De cet immeuble au cœur de l'enquête, Françoise M. (que Mediapart n'a pu joindre) connaissait tout. Elle en fut la gouvernante de décembre 2008 à juillet 2009, après avoir travaillé pour la maison Bettencourt. En juin 2012, son audition a permis aux enquêteurs de plonger dans le quotidien d’une débauche hors normes. Teodorin Obiang devait être appelé « mon excellence » et, a-t-elle raconté aux policiers, « il ne fonctionnait qu’avec des espèces ». « Je ne lui ai jamais vu un chéquier ni une carte bleue », a-t-elle précisé.
Une anecdote résume tout le personnage, d’après elle. Au printemps 2009, Dior réclamait avec insistance 53 000 euros d’impayés. Son excellence, pressée par sa gouvernante de régler la facture, n’avait pas que cela à faire : il devait partir au Brésil. Il a donc emmené sa gouvernante dans son jet privé, à bord duquel, en plein vol, un comptable lui a remis 70 000 euros en coupures de 200 et 500 euros ; que des billets neufs. La gouvernante ne posera pas les pieds au Brésil. « J’ai juste fait l’aller-retour », a-t-elle expliqué sobrement aux enquêteurs. L'argent remis permettra de régler Dior, de retour à Paris.
Finalement mis en examen pour « blanchiment », Teodorin Obiang a refusé de répondre aux questions des juges Le Loire et Grouman, le 18 mars 2014, lors d’une audition en visioconférence. Il a brandi une immunité présidentielle comme un totem : « Deuxième vice-président de la république de Guinée-Équatoriale en charge de la défense et de la sécurité de l’État depuis le 21 mai 2012, je bénéficie, en cette qualité, et selon la coutume internationale, d’une immunité de juridiction totale devant les juridictions étrangères civiles et pénales pendant le temps de l’exercice de mes fonctions. »

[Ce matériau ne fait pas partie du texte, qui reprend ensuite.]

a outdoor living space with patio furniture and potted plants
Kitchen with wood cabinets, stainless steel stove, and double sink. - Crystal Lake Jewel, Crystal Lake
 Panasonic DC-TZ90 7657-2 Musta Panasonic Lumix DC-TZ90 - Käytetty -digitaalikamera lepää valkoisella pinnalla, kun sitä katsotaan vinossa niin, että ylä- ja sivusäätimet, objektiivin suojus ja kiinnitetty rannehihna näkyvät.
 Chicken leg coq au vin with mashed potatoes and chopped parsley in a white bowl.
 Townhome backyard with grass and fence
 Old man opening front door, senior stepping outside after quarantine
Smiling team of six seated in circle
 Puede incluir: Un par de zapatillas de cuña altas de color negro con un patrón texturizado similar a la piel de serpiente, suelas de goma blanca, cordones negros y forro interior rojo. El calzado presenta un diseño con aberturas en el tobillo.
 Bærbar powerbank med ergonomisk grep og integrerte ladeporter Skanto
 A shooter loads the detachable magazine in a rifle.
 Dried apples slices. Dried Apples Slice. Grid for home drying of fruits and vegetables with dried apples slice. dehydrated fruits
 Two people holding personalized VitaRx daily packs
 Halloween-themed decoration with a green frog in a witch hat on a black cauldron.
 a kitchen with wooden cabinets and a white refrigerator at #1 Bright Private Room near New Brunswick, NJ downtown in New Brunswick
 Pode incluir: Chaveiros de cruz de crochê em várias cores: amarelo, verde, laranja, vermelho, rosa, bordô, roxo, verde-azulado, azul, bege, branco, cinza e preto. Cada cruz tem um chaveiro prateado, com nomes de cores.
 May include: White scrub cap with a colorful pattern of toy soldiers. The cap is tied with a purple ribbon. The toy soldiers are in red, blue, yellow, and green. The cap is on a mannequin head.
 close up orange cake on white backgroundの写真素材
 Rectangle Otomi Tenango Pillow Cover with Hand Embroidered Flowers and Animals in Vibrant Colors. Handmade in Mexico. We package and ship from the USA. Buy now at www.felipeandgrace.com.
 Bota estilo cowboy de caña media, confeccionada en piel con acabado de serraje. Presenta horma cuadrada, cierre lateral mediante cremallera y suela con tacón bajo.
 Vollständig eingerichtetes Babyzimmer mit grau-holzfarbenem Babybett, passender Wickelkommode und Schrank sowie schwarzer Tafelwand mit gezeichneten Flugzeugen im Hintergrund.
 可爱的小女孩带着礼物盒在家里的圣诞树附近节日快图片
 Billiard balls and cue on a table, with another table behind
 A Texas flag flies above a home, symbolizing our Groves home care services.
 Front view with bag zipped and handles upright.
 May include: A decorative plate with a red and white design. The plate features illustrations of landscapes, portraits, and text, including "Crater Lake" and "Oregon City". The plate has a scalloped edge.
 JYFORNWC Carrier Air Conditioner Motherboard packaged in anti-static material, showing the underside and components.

« Le gouvernement de la république de Guinée-Équatoriale n’ayant pas levé cette immunité ou renoncé à cette immunité, il m’est par conséquent impossible de répondre à quelque question que ce soit », a-t-il ajouté. Pour son avocat à Paris, Teodorin Obiang doit profiter d’une immunité de fonction comme n’importe quel chef d’État dans le monde. Ce serait en effet dommage de s’en priver.